Economic growth has come largely at the expense of natural resource depletion and environmental degradation, and has not yet provided the basis for substantial reductions in economic and social inequality, which is why the concept of green growth aims to find ways to make growth compatible with environmental sustainability without neglecting the social dimension. What is needed for this to happen is institutional reform and good policies, which aim to get prices right and fix markets, address coordination failures and knowledge externalities, and assign property rights and prices to environmental services.
Inclusive green growth policies are difficult to design and, even in best case scenarios, no panacea for overcoming developing economies' structural shortcomings that have been excluding the poor from the benefits of growth.
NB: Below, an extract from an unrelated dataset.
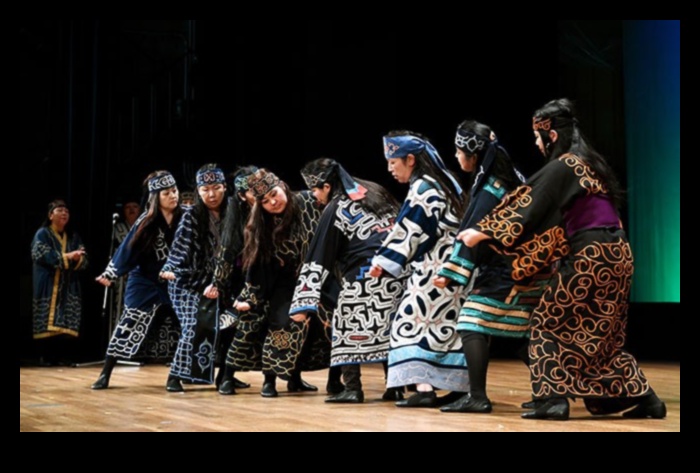 Okobo Odori: Ainu Kültüründe Geleneksel Dans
This raises several questions:
How to tailor inclusive green growth strategies to a country's specific circumstances, with an emphasis on maximizing local and immediate benefits for the poor?
How to implement policy changes and strategies in scenarios where groups that do not benefit from the adjustments make decided efforts to block reforms?
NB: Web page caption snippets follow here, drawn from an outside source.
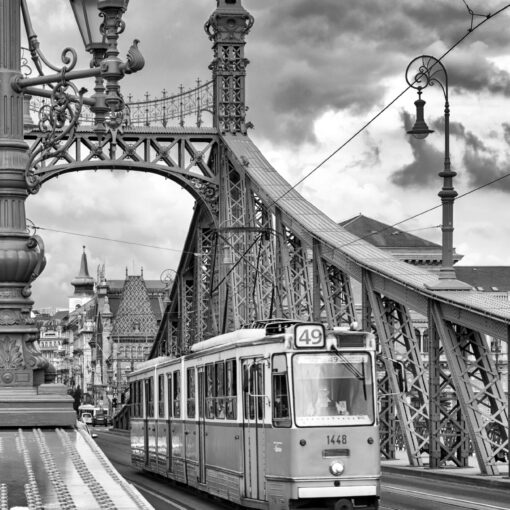 Električka na Moste Slobody v Budapešti, Maďarsko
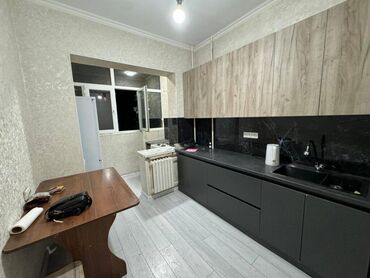 Продажа домов: 3 комнаты, 65 м², 106 серия, 5 этаж, Косметический ремонт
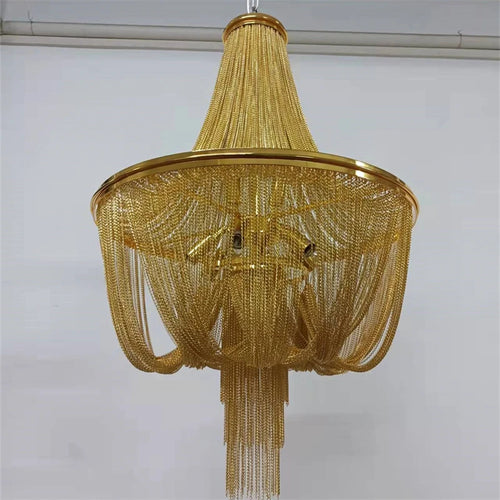 Modern gold aluminium tassel chandelier with decorative chain - vue 4 sur 12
The conference will address cross-sectoral issues and aspects related to sustainable management of sectors like agriculture, industry, energy and transport; as well as the adoption of sustainable life styles reducing individual ecological footprints, equity concerns, and strategies for poverty eradication.
In particular, but not exclusively, we invite contributions (papers and projects) that provide answers to the following questions:
What lessons can be learned from existing poverty reduction strategies about the scope for making social, economic and environmental objectives mutually reinforcing?
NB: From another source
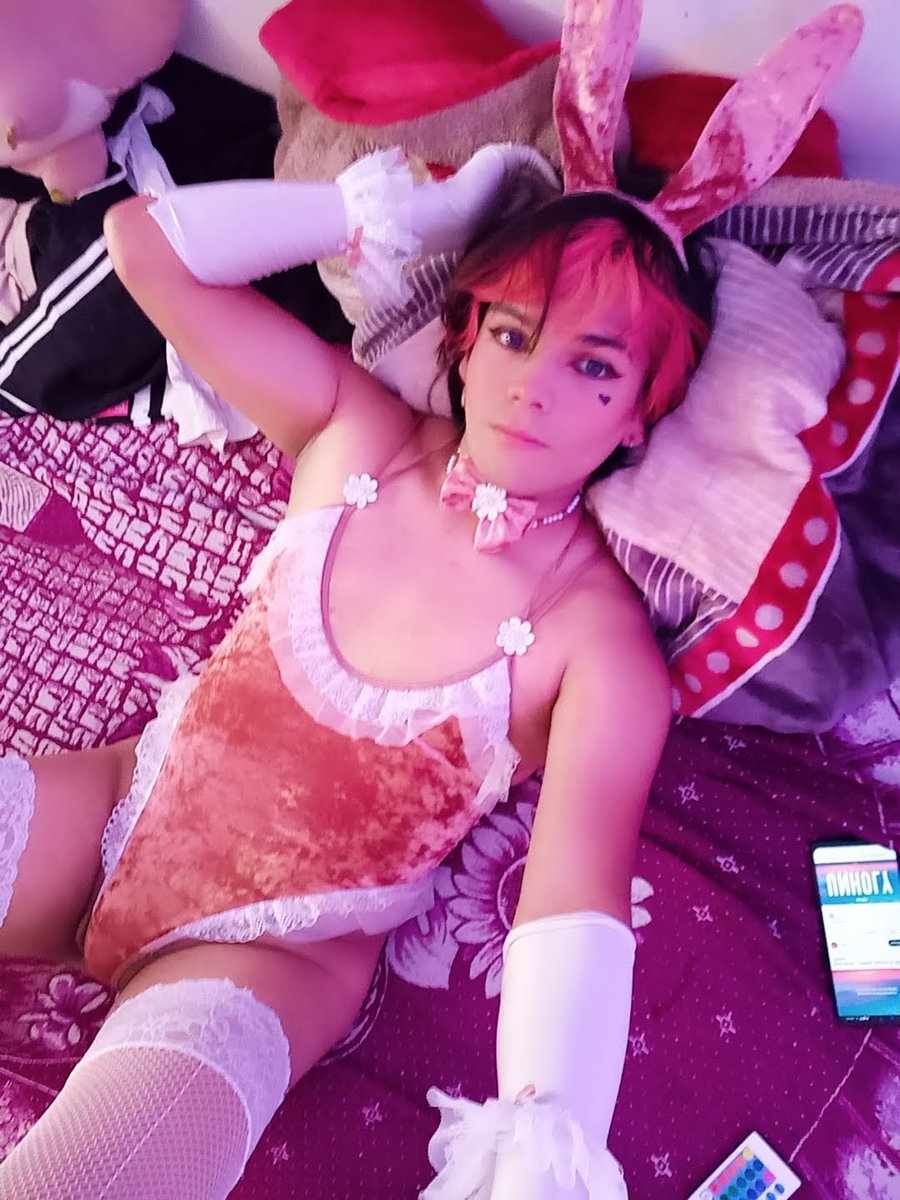 femboypink tweet media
What mix of regulatory, marked-based and informative instruments is needed to facilitate the transition towards green growth which is pro-poor and inclusive?
Are there models of agriculture, which can sustainably meet increased demand for food, feed, fuel and fiber while respecting resource scarcities and the integrity of vital ecosystems?
What are the technological and financing needs for a green economy transition in agriculture, one that includes and benefits smallholder farmers, agricultural laborers and food security?
How can the international development community contribute to this?
How to shape consumer behavior towards green societies in developing and emerging regions?
How can business and policymakers work together to create a green and inclusive economy, and upscale green and inclusive employment and business models?
How can green and inclusive growth be modeled?
In addition, the PEGNet Best Practice Award will be awarded for the fifth time to best practice in cooperation between researchers and practitioners. While plenary sessions focus on the conference theme, parallel sessions and Best Practice Award projects will be to all topics surrounding PEGNet's core theme, i.e. the nexus between poverty, equity and growth.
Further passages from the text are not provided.